Certain accounts ask you to name a beneficiary, such as life insurance policies, pension plans, and retirement accounts. Upon your death, proceeds from these accounts will typically go directly to the beneficiaries and bypass probate, the slow and expensive legal process of distributing your assets after you pass, which helps your beneficiaries avoid some red tape.
What to Consider When Choosing a Beneficiary
Choosing a beneficiary is a very personal decision, and different for everyone. In some cases, people want to use a death benefit to protect their loved ones, and others might see it more as a financial transaction. Here are some tips to keep in mind when you are selecting your beneficiary.

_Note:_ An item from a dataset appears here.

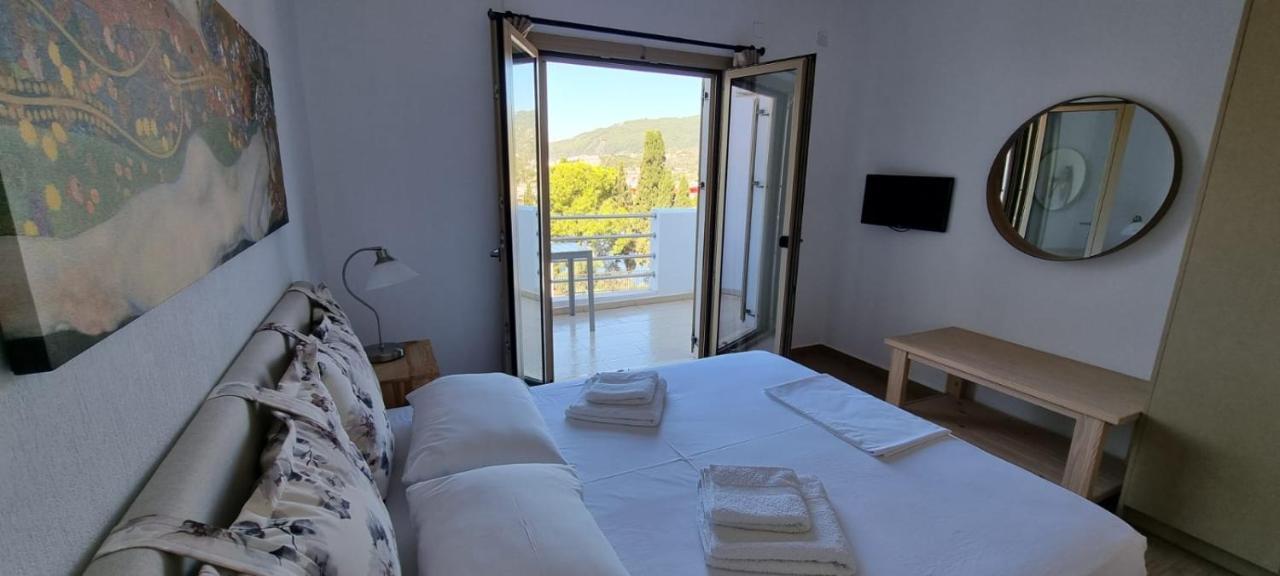 Skiathos Lagoterra Apartments Eksteriør bilde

Insurable Interest. The person or entity named as a beneficiary has to have an insurable interest in the insured person. While the insured generally has the right to name any beneficiary, there must still be a legitimate financial interest between the parties. In most cases, beneficiaries rely on the insured for financial support, such as the spouse or dependent children, so there is an apparent financial interest and purpose of insurance between the parties.
Age. Most insurance companies, pension plans, and retirement accounts will not pay benefits to someone under age 18. A better option is to create a trust for the minor and name a trustee to manage the account until the child reaches the age you specify in the trust.
Ability to manage money. If your beneficiary is not able to manage money, name a trustee to invest and disburse funds on his or her behalf.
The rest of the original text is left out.